The headlines about British Prime Minister Tony Blair’s “deportation pledge” are only the latest in a week or so of reports about the failure of the Home Office to consider hundreds or even thousands of “foreign criminals” for deportation. Every day, members of the British public have been bombarded with commentary about these dangerous foreign criminals walking our streets — including murderers, rapists, and others…
As with any other occasion where public opinion and/or the media onslaught seem to suggest a large chunk of opinion all moving uncritically in the same direction, this seems to me a worthwhile opportunity for reflection.
First, there is one thing I want to make clear and explicit: if the law says that these people (or any others) are supposed to have been considered for deportation, and they were not, then that is a serious matter. I will be the first to suggest that whatever management failures led to the law not being followed ought to be investigated.
However, as for the rest of the media frenzy and what it may say about us as a society…
In the UK, there are thousands of people who meet the following criteria:
- they were convicted of crimes
- they were sentenced to prison terms for their crimes
- they served their prison terms
- they were released from prison
There is one additional characteristic which further distinguishes between two sets of these people:
- some are British
- some are not British
The law permits those in the second category above to be deported, while it does not permit those in the first category to be deported.
As far as I can tell, there is no other difference between the two groups, and as far as I am aware, no distinction is mandated between the two groups in terms of sentencing. In other words, the law has set out sentencing guidelines which (presumably!) have been democratically agreed to be appropriate for the specific crimes in question. Of course, mistakes do occur, and sometimes sentences are changed on appeal. However, the relevant point for now is simply that generally speaking, prison sentences assigned to those convicted of criminal offences reflect the democratic process.
So it isn’t too surprising that so far, no media furore has ensued about the “dangerous criminals walking our streets” after lawfully serving out prison terms assigned by British courts.
…Unless, that is, the people in question are non-British!
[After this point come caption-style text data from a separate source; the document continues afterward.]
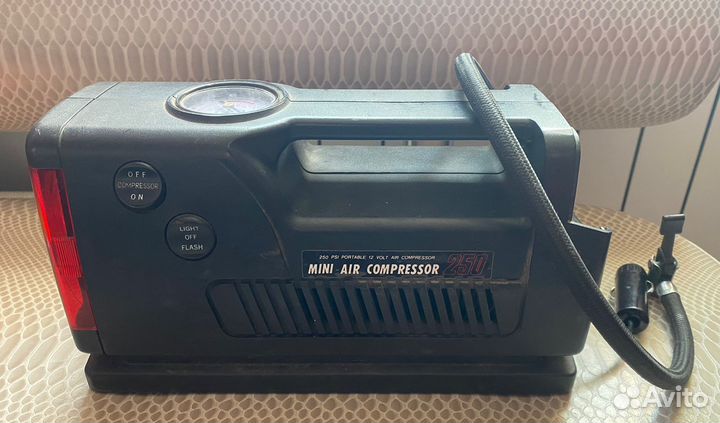 Мини компрессор для автомобиля
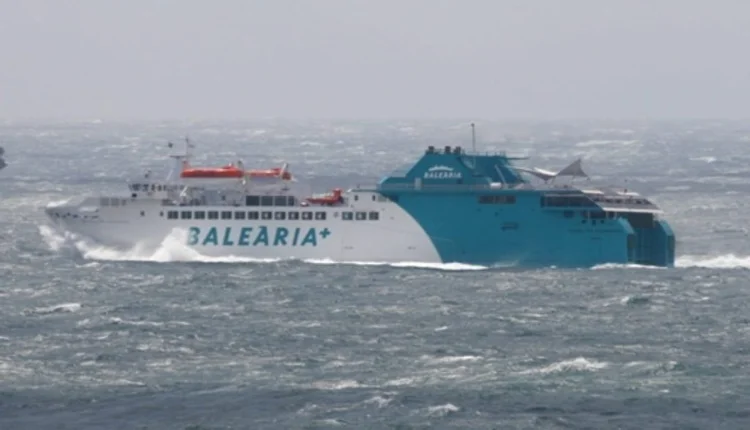 إغلاق ميناء الحسيمة بسبب سوء الأحوال الجوية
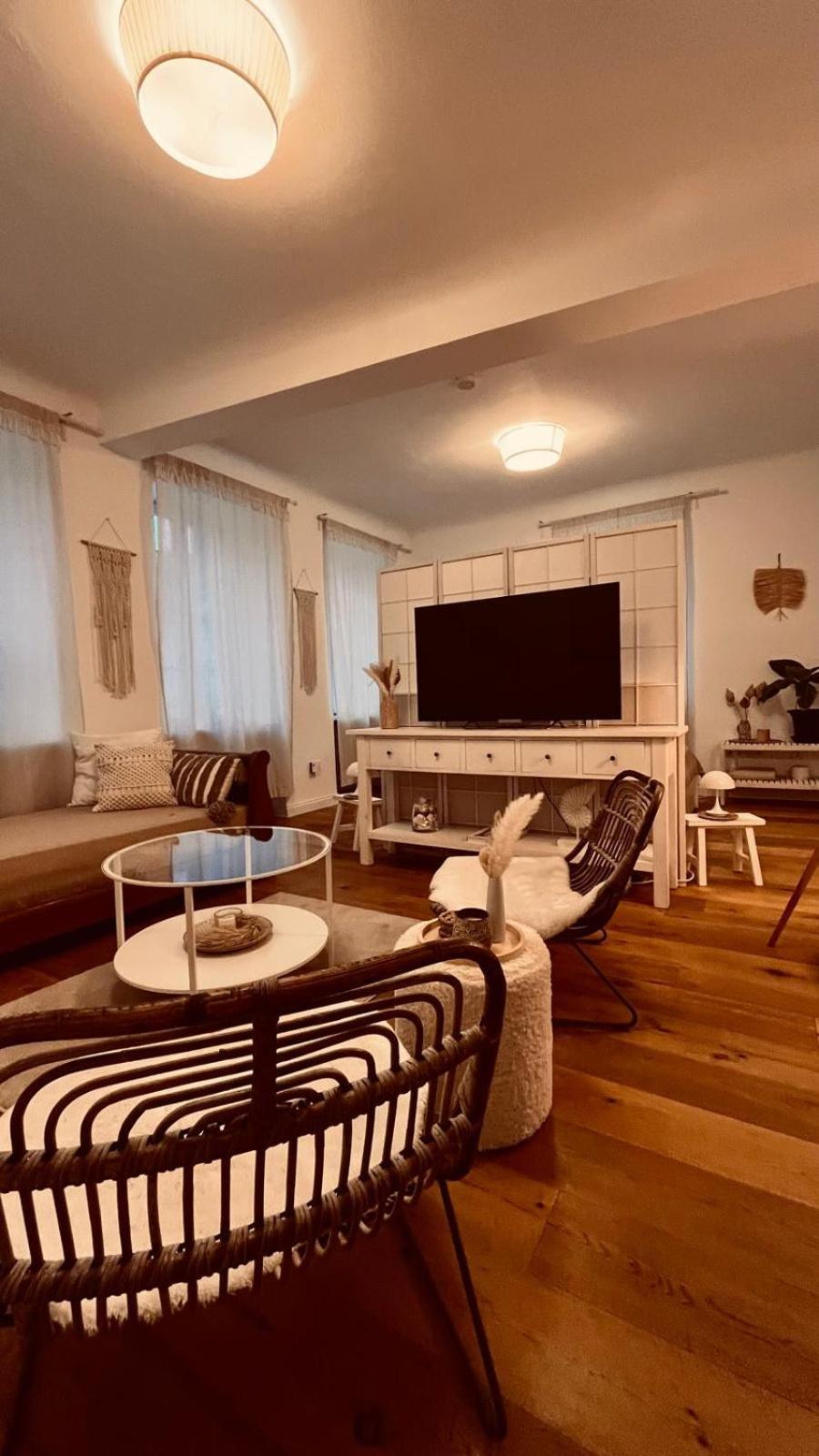 Apartment Am Schloss - Charme ซาร์บรึคเคน ภายนอก รูปภาพ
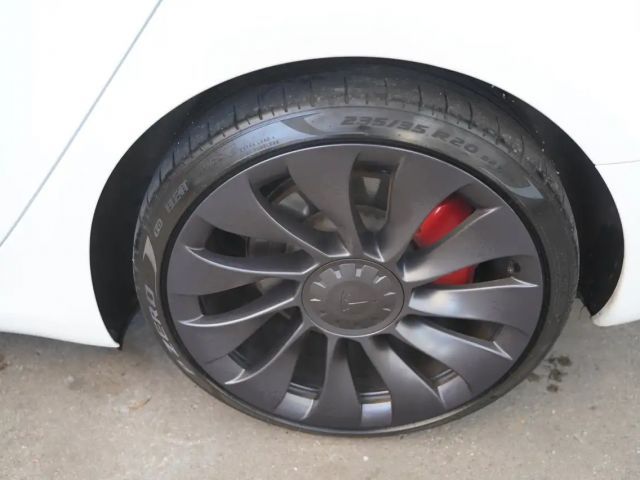 Tesla Model 3 Performance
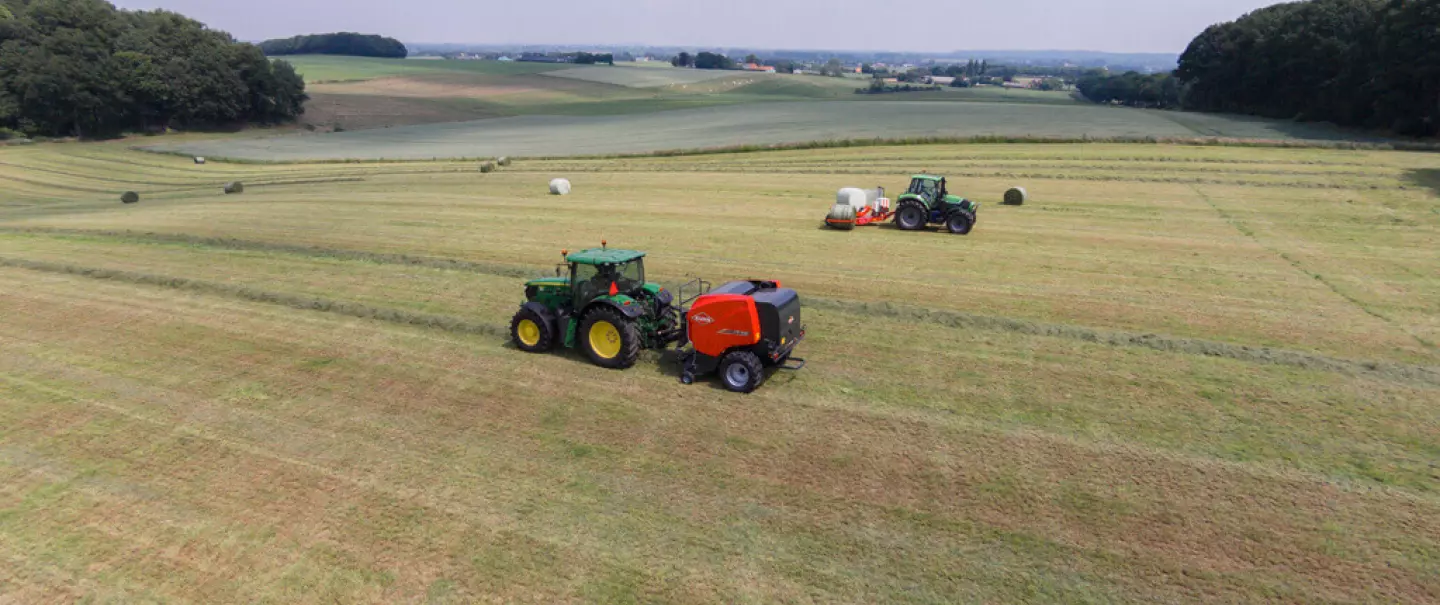 KUHN FB 3130 baling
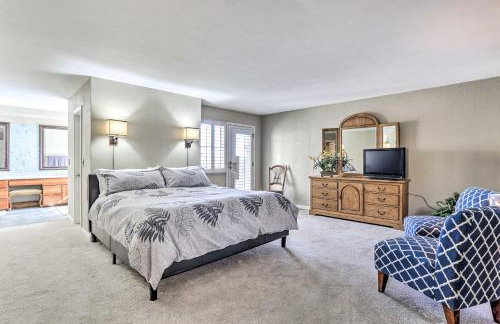 Near Shops & Eats! Centennial Home w/ Sunroom - Foto 19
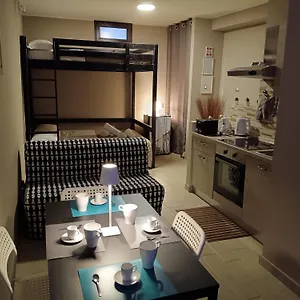 U Peri Alivu House Katania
When it comes to non-British people who have lawfully served out prison terms after being convicted of criminal offences, the voices of the British media and opposition parties alike seem almost entirely united in dubbing them “dangerous foreign criminals walking our streets”. If the media uproar were focused entirely on bad management at the Home Office, this would be a different matter altogether — but it is not. As far as I can tell, a very large part of the media feeding frenzy focuses on the risks to the public of having these people “walking our streets”.
Where is the uproar about the dangerous British criminals walking our streets?
Do we just consider them safer because…why? Because they’re British? Or because sentences handed down by British courts are appropriate for British people but too lenient for non-British people? Or are non-British people just more fundamentally dangerous than British people, so that we should be more concerned about our safety when it comes to non-British people?
None of these alternatives seems to me to reflect very well on us as a society, or on our capacity for engaging as equals with those of other backgrounds.
Perhaps there is some other perfectly reasonable explanation for why the discussion of this matter extends so far beyond mismanagement at the Home Office, but I can’t think of one.